LaVista Bill, mounted Customs inspector and terror of Southwest Border contrabandistas, takes a bead on an armed “Rumrunner” with his trusty Colt New Service Target model in .45 Colt.



The Colt New Service was introduced in 1898 and was Colt’s largest DA revolver until production ceased in 1944.  It was a favorite of target shooters and lawmen and could be had in calibers ranging from .38 Long to .476 Eley.



In the photo is Patrol Inspector Charlie Askins, who was the first Border Patrol firearms instructor in the mid-1930’s.  He favored the New Service and carried custom adjustable sighted models in both .44-40 and .45 Colt.



The adjustable rear sight on the Target model was low profile and it and the top strap were sandblasted to reduce glare.  The sight could be adjusted for windage only and graduation marks were cut into the top strap to help in lining up the sight properly.



Shown in a leather rig from El Paso Saddlery, the New Service was a favorite of the U.S. Border Patrol and Customs officers.  On the holster are replicas of the 1st USBP badge and an early Customs Mounted Inspector badge.

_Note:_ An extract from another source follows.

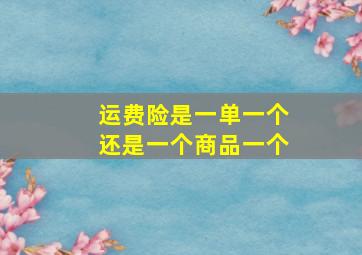 运费险是一单一个还是一个商品一个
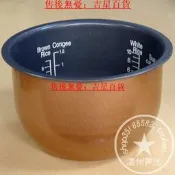 原裝松下電飯煲SR-JHD181 JHC18NSQ內鍋JHA18 JHS18內膽JHF JHG18【吉星】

Test shooting was done from the bench on a sandbag at 25 yards.  The author used Winchester Cowboy loads to try out the New Service Target and they proved to be very accurate and pleasant to shoot.



Here you can see the 5-shot groups fired from the bench, single-action.  The group on the lower left measured just over an inch and the rest ran 2-3 inches; the gun was definitely more capable than the shooter!